──────── Data records ────────

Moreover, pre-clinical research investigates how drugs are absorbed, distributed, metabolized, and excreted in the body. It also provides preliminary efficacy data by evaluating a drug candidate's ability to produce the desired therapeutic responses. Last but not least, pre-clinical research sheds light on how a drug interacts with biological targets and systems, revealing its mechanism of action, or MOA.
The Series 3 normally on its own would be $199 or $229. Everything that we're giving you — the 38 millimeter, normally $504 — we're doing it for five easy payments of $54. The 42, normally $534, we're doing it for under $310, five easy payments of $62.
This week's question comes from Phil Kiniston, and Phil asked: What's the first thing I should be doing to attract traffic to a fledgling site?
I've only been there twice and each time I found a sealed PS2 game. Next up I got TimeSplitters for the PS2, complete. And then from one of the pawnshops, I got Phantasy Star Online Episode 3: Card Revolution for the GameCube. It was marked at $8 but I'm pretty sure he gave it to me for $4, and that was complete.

────────
──────── Data records ────────

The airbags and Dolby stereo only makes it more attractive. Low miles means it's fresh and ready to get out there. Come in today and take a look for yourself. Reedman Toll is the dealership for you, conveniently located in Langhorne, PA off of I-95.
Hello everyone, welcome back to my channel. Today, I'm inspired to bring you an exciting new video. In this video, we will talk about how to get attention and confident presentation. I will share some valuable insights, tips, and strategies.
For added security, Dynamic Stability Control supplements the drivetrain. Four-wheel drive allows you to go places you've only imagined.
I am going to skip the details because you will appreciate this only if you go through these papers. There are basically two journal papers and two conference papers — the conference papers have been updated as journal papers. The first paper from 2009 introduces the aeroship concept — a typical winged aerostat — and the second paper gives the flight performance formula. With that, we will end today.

────────
──────── Data records ────────

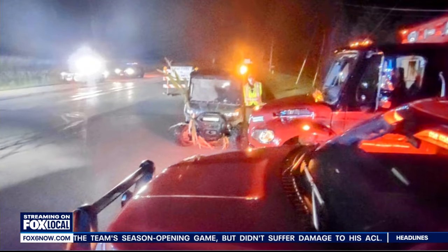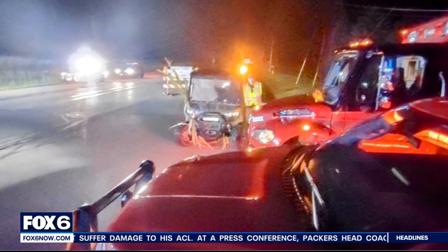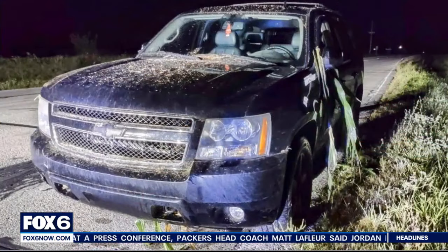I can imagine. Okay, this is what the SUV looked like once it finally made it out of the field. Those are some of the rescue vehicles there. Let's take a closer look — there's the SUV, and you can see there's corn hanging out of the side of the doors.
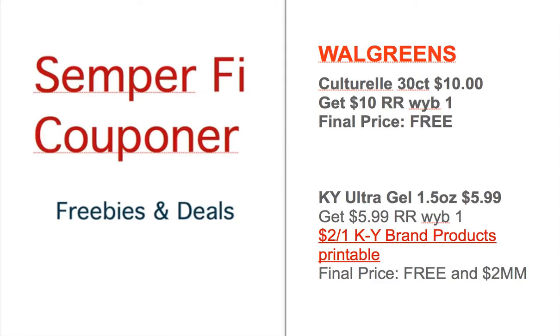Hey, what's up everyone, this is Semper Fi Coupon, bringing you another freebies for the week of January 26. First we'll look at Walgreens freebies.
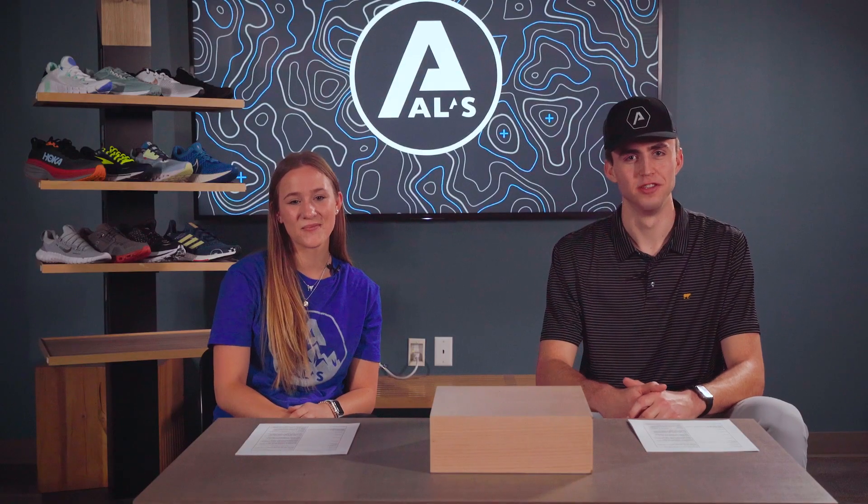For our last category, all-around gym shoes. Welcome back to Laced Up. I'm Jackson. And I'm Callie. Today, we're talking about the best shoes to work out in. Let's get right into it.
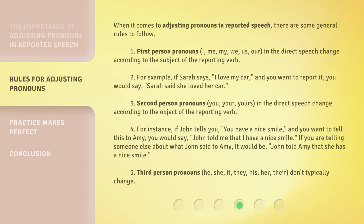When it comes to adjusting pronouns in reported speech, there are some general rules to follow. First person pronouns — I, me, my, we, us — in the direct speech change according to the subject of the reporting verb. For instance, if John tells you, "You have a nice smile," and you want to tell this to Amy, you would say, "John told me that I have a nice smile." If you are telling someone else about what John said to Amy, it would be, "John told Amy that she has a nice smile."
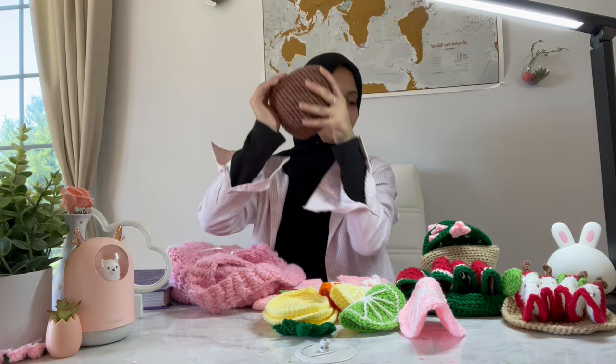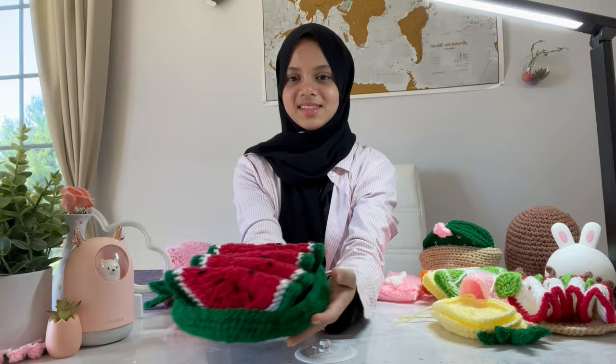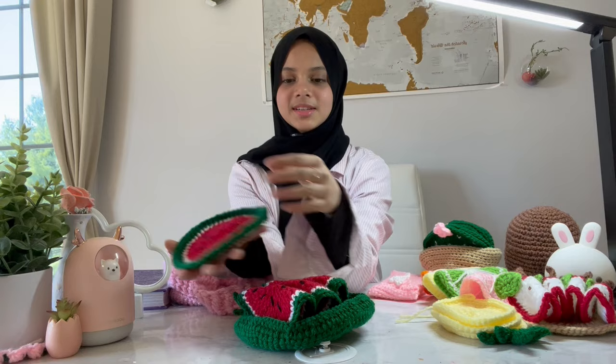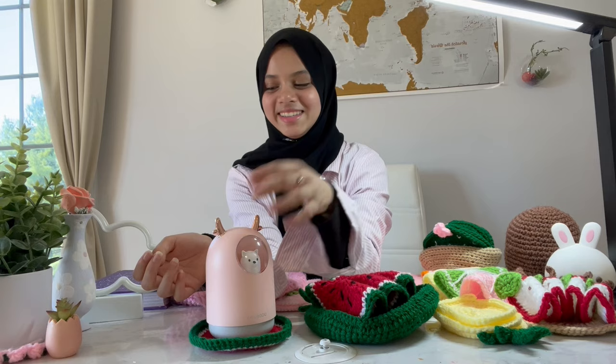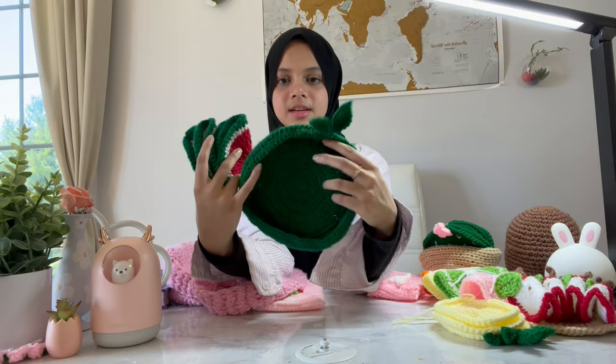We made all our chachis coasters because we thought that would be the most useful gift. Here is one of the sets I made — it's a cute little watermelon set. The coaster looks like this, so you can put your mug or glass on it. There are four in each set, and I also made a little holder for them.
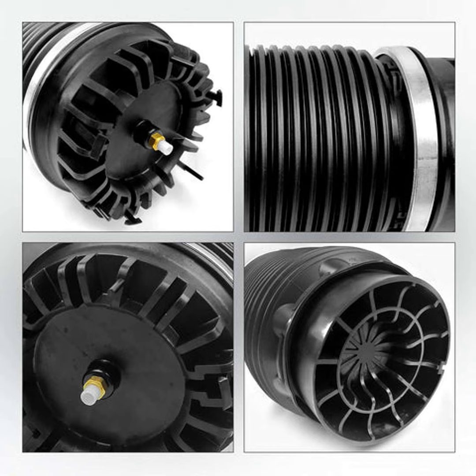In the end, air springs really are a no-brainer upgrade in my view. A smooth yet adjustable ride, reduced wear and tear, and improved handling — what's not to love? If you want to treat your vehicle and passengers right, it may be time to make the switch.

────────

» **Problem statement**
Return a word-for-word copy of the lines above from the one holding "Moreover, pre-clinical research" through the one holding "This week's question", with both of them included and nothing besides.

» **Solution below**
Moreover, pre-clinical research investigates how drugs are absorbed, distributed, metabolized, and excreted in the body. It also provides preliminary efficacy data by evaluating a drug candidate's ability to produce the desired therapeutic responses. Last but not least, pre-clinical research sheds light on how a drug interacts with biological targets and systems, revealing its mechanism of action, or MOA.
The Series 3 normally on its own would be $199 or $229. Everything that we're giving you — the 38 millimeter, normally $504 — we're doing it for five easy payments of $54. The 42, normally $534, we're doing it for under $310, five easy payments of $62.
This week's question comes from Phil Kiniston, and Phil asked: What's the first thing I should be doing to attract traffic to a fledgling site?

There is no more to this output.